* DESCRIPTION OF THE TASK *
Below is a listing. Return the lines from the one that contains "Hoogte/Temp. 100 hPa" to the one that contains "2021 Toyota Rav4", both ends included, verbatim and with no pictures.

[ENTRIES SUPPLIED — start]

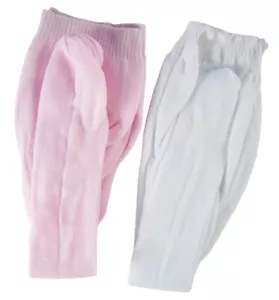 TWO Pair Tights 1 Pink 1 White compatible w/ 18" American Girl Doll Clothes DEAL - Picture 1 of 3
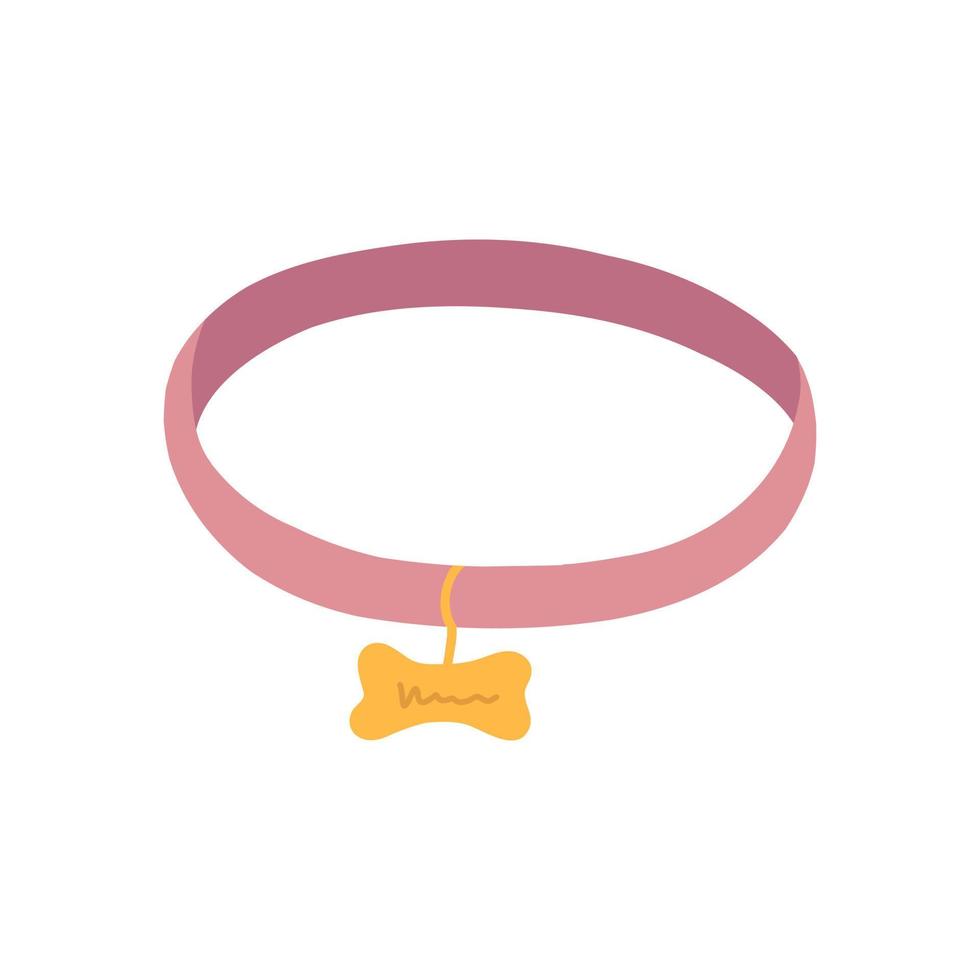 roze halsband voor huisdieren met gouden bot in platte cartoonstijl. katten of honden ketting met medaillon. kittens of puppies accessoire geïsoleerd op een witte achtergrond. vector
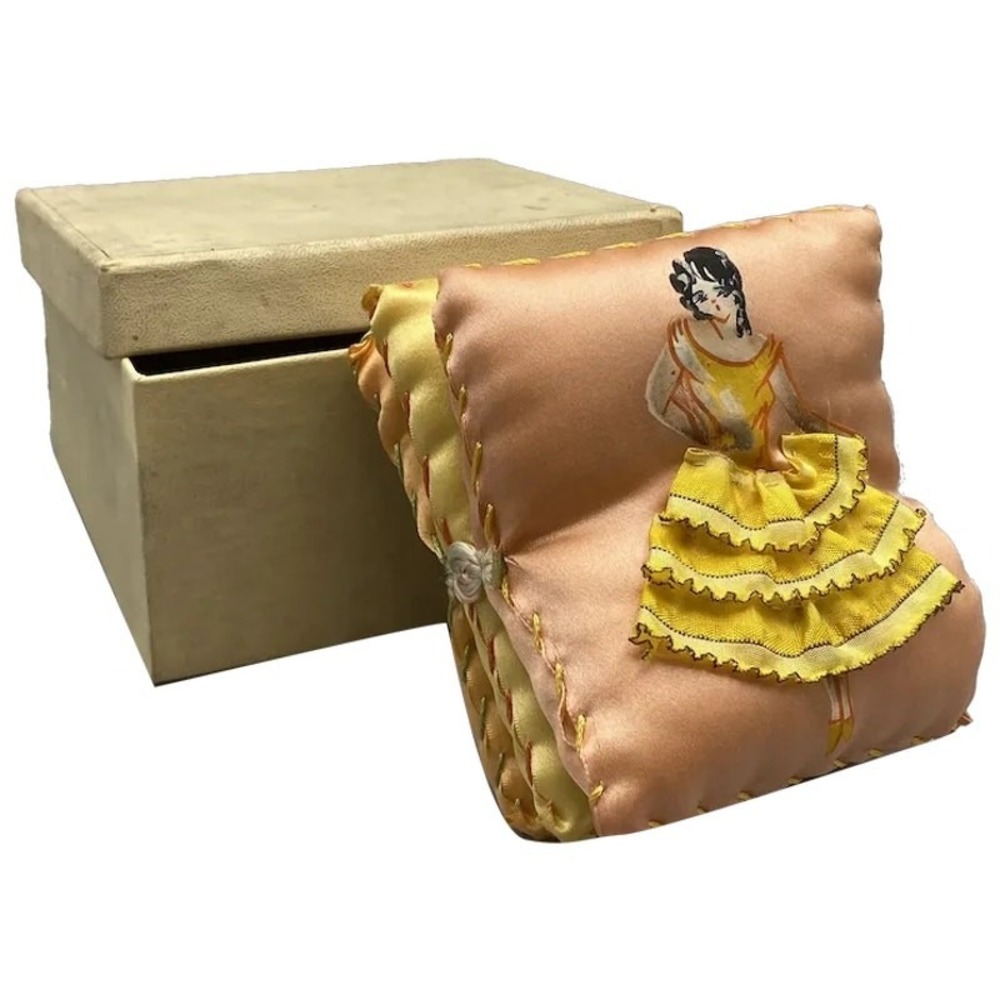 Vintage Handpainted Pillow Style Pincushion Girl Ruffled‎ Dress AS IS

[ENTRIES SUPPLIED — finish]
[ENTRIES SUPPLIED — start]

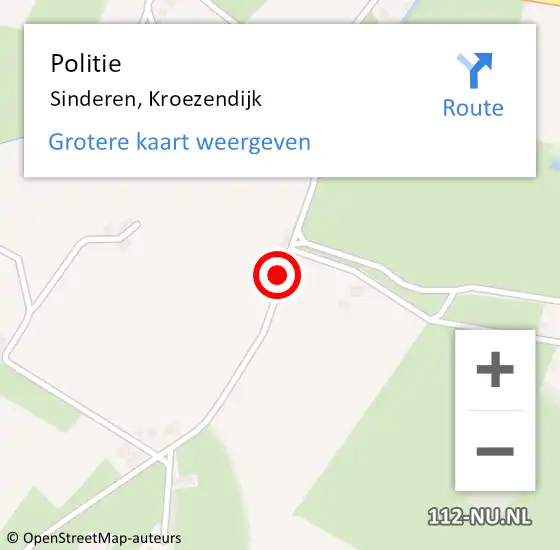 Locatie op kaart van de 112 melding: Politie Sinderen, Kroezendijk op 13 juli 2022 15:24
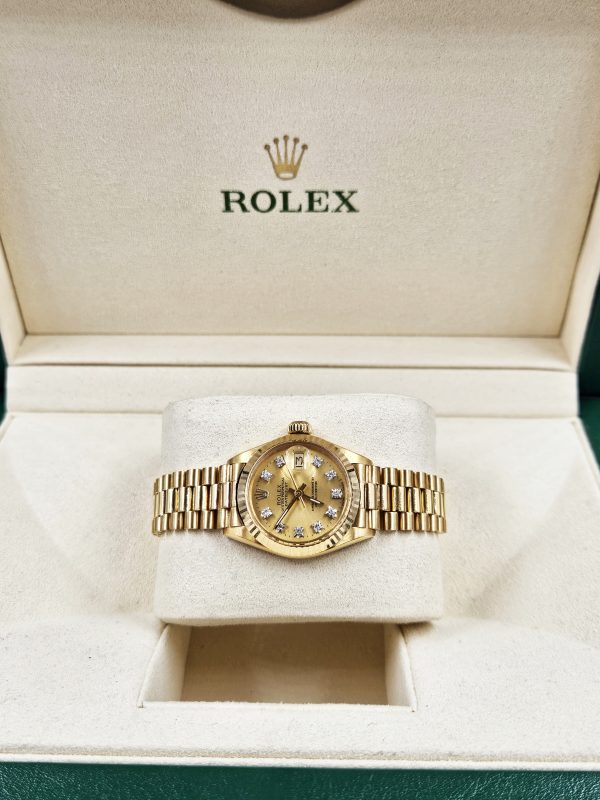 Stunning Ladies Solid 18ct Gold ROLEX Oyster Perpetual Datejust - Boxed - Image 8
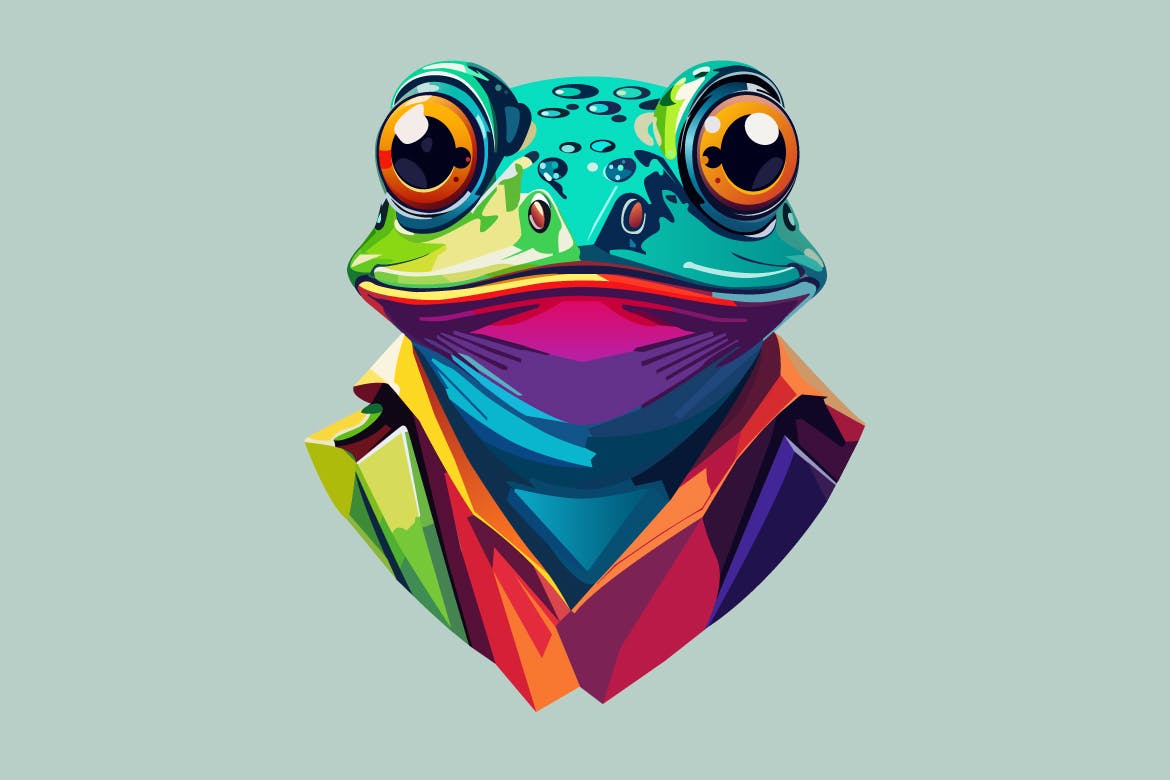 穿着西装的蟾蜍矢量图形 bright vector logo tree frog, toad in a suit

[ENTRIES SUPPLIED — finish]
[ENTRIES SUPPLIED — start]

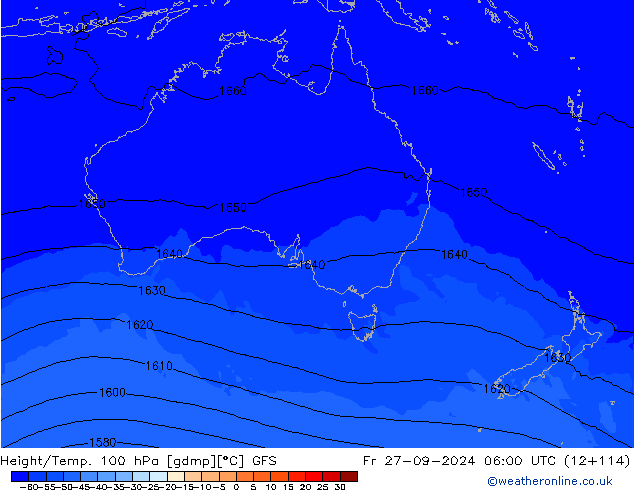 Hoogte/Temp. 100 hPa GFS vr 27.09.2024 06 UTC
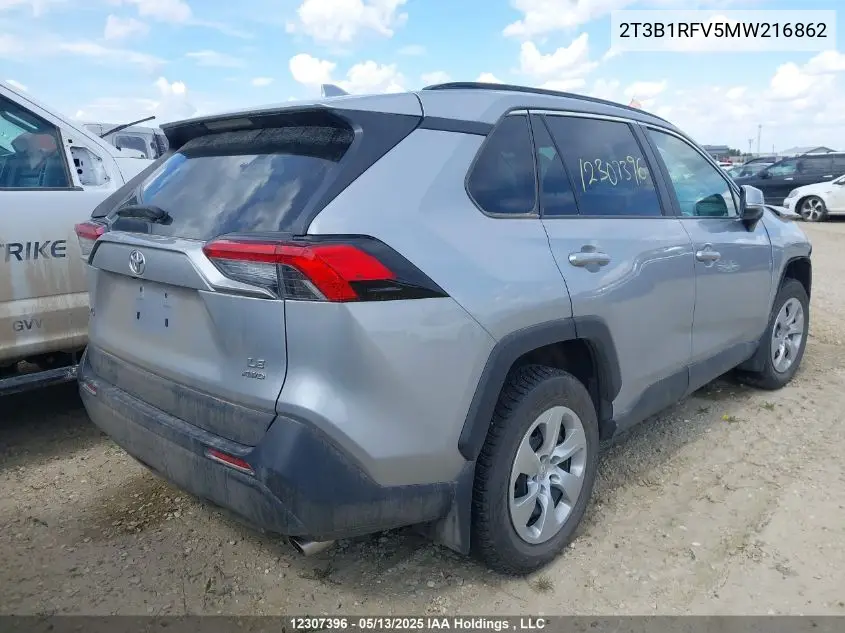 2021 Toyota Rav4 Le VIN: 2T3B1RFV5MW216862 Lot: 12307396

[ENTRIES SUPPLIED — finish]

* TASK ANSWER *
 Hoogte/Temp. 100 hPa GFS vr 27.09.2024 06 UTC
 2021 Toyota Rav4 Le VIN: 2T3B1RFV5MW216862 Lot: 12307396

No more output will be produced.